Intestinal transit is often affected during stressful conditions, suggesting a link between brain and gut. Moreover recent experimental evidence has demonstrated that the gut might also influence the activity of the brain and the behaviour by different mechanisms including nervous transmission, the immune system and the microbiota. Indeed, the gut-brain axis is not only essential for the maintenance of gastrointestinal homeostasis but is also involved in the regulation of cognitive functions and stress.
The purpose of this review is to discuss the recent evidence on the gut-brain axis and how modulation of the microbiota using probiotics may be beneficial to our mental and intestinal health.

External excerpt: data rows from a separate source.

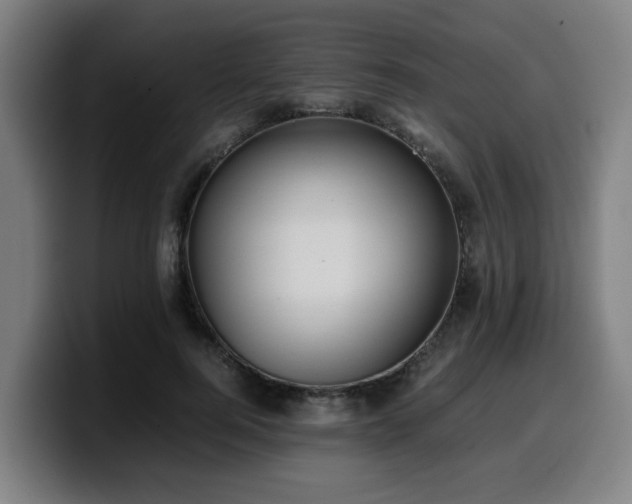 X0000099940744200805301217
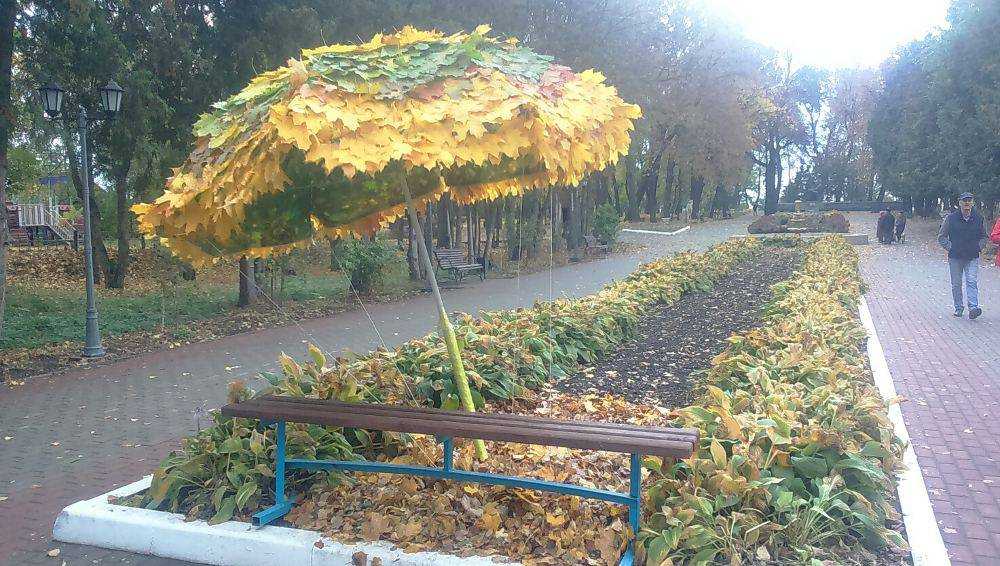 Жителей Трубчевска привел в восторг зонт из листьев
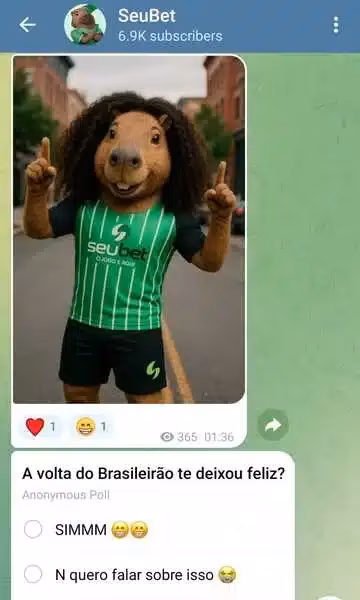 Captura de tela do grupo no Telegram da Seubet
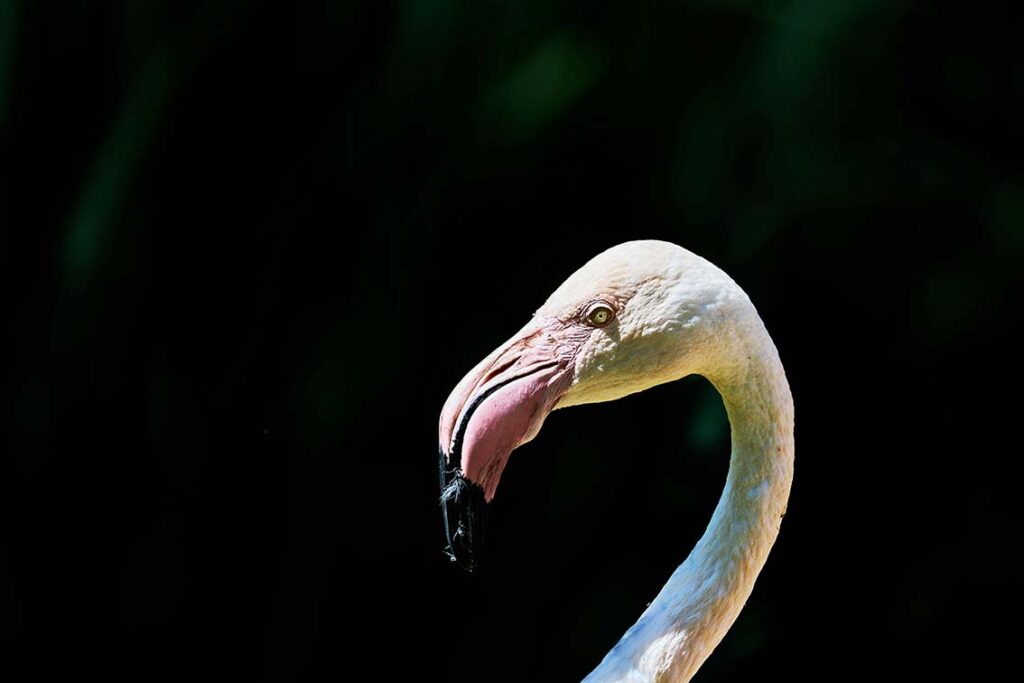 flamingos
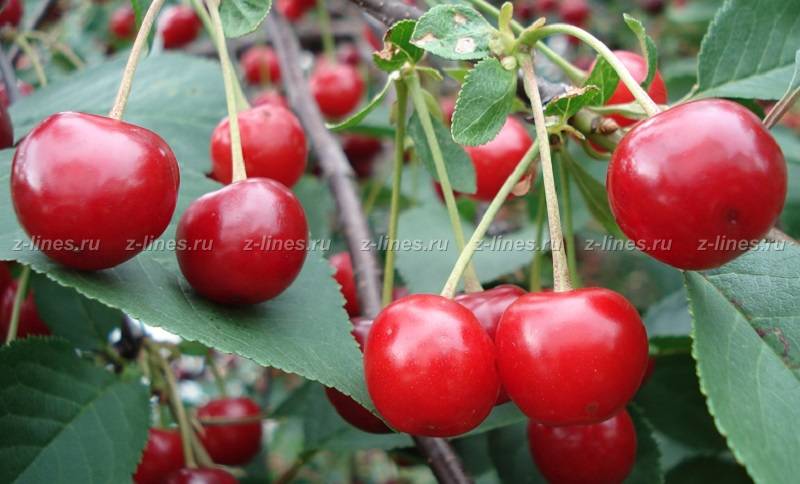 Характеристики сорта вишни Апухтинской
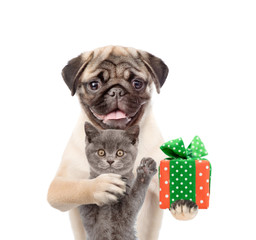 Pug puppy hugs kitten and holds gift box. isolated on white background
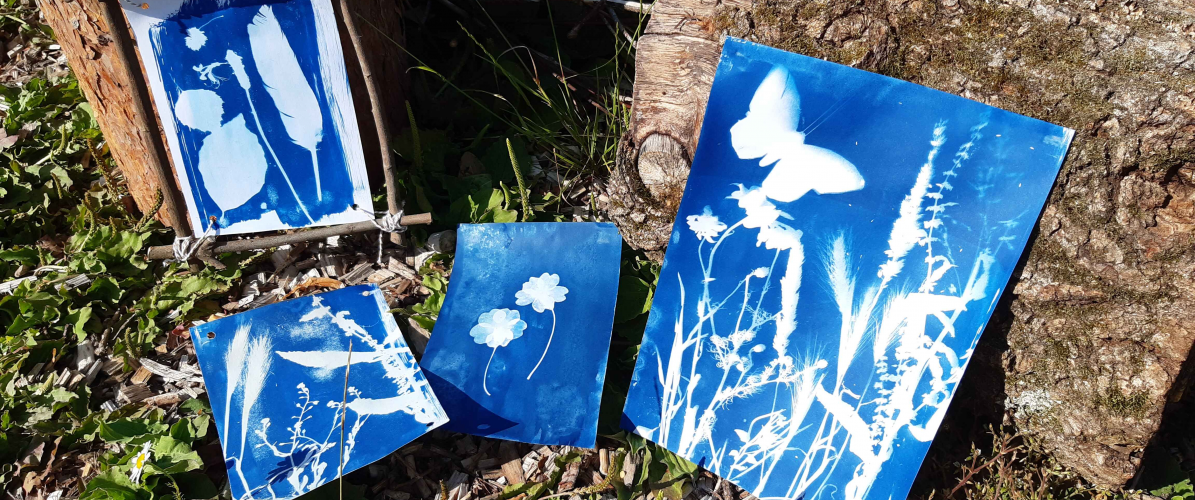 Cyanotype Printing Workshop - Adults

Experimental and clinical evidence shows that the intestinal microbiota plays an important role in our behaviour. Conversely, behaviour modulates the composition of our microbiota, affecting our immune system and inflammatory condition (see Figure 1). Such bi-lateral communication allows us to consider the gut-brain axis as a key component for our well-being and its modulation by probiotics becomes a promising way of intervention. We will examine the evidence that allows us to consider the importance of the gut-brain axis in our well-being and how probiotics may be helpful.

The gastrointestinal tract microbiota consists of 1013 to 1014 microorganisms, which is approximately 10 times the number of human cells in the body. The microbiome of an adult represents more than 1000 species and 7000 different strains of microorganisms. It is composed mainly of bacteria belonging to the genera: Bacteroides; Clostridium; Fusobacterium; Eubacterium; Ruminococcus; Peptococcus; Peptostreptococcus; and Bifidobacterium.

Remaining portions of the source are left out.